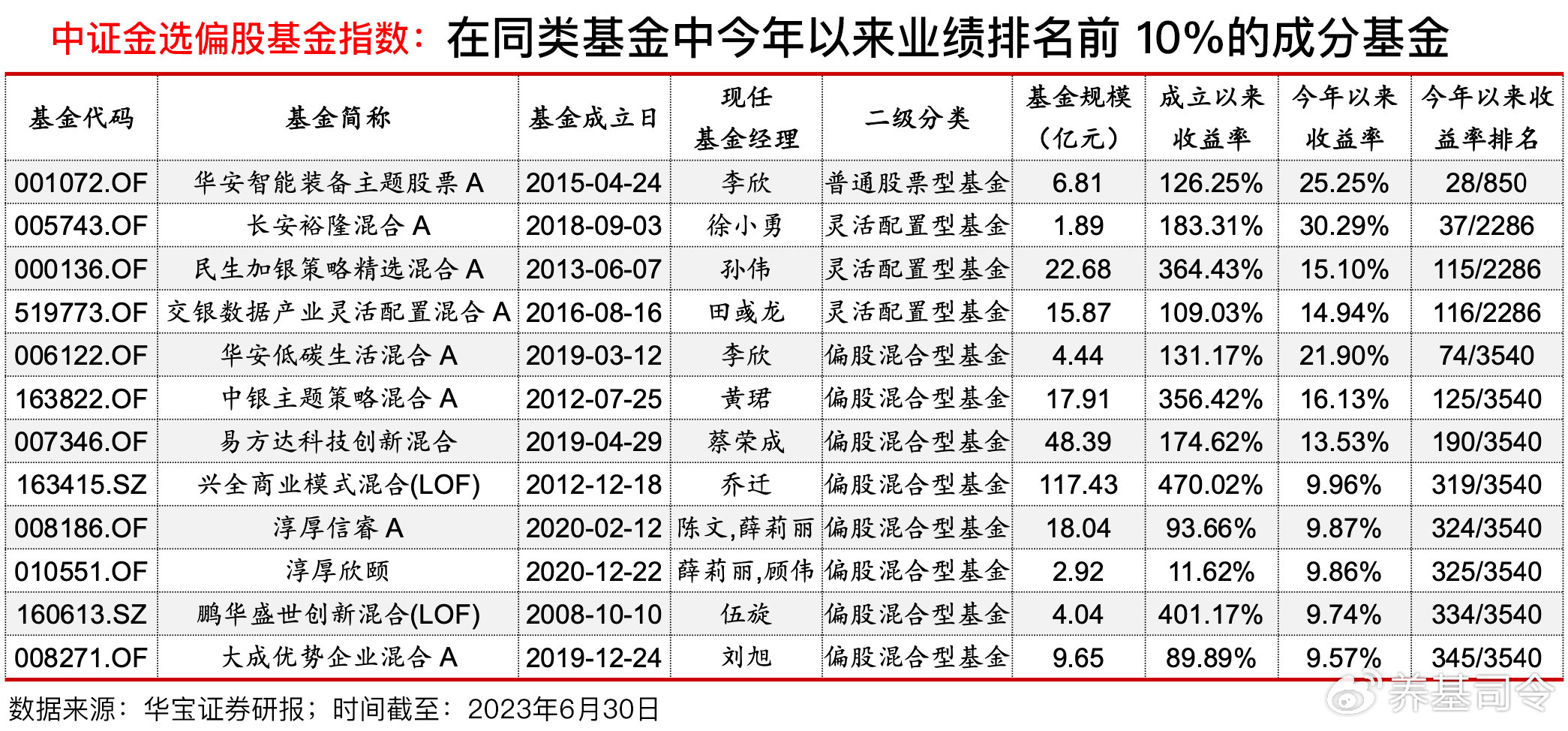 场内指数基金排名前十名详解与表现分析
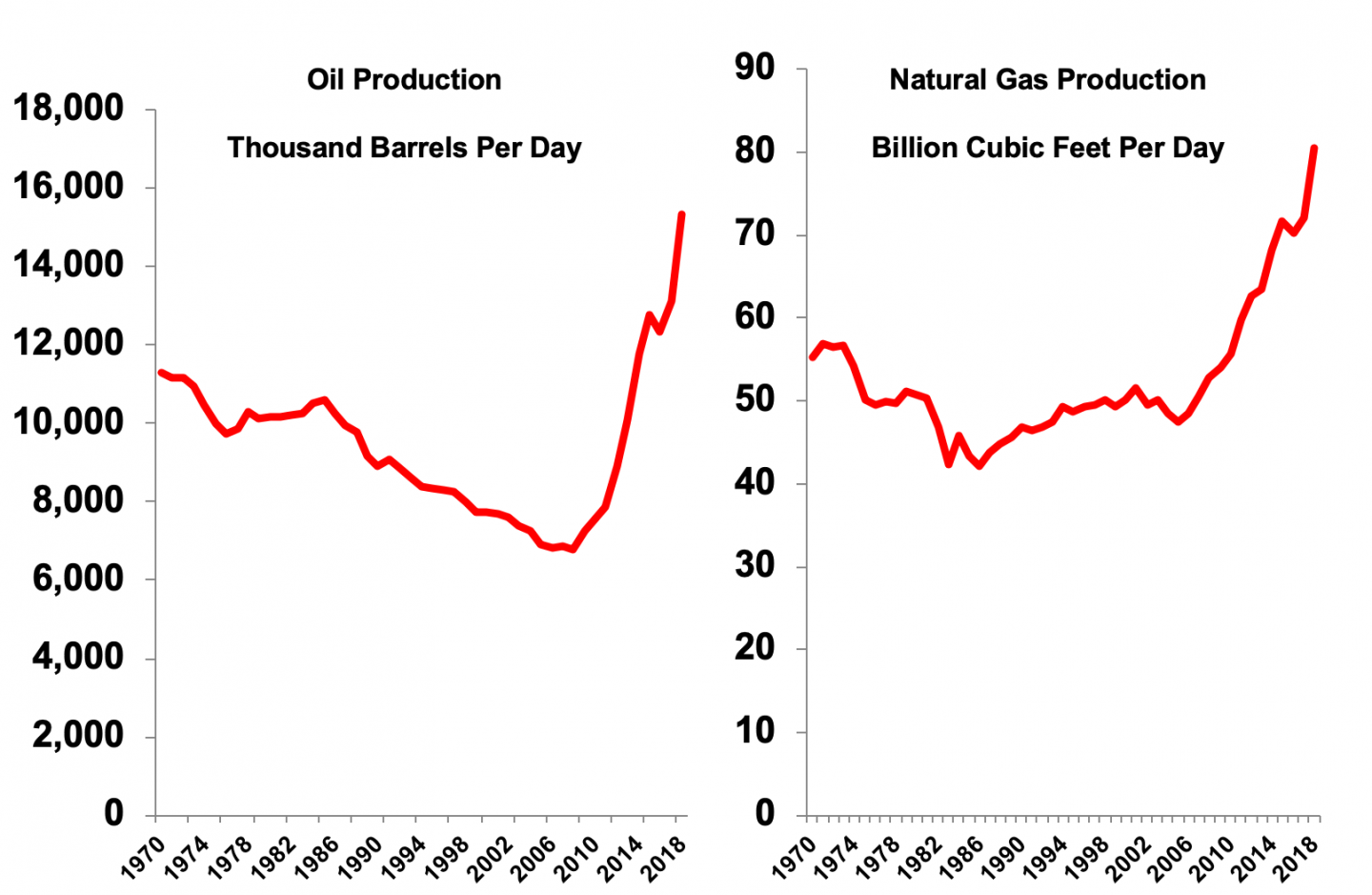 America's Hydrocarbon Boom | RealClearPublicAffairs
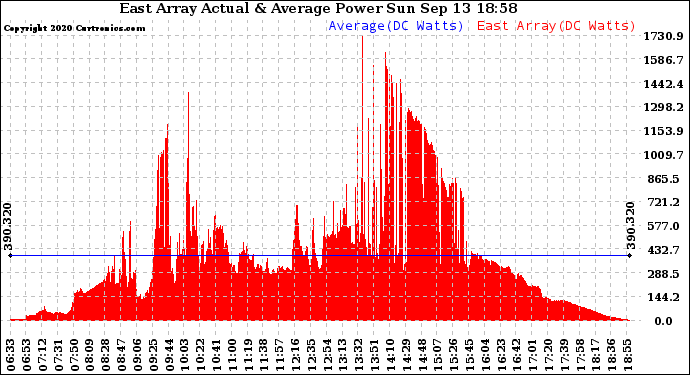 Solar PV/Inverter Performance East Array Actual & Average Power Output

Exercise brief:
In your copy, restate the data above word for word but leave out any picture.

Written answer:
 场内指数基金排名前十名详解与表现分析
 America's Hydrocarbon Boom | RealClearPublicAffairs
 Solar PV/Inverter Performance East Array Actual & Average Power Output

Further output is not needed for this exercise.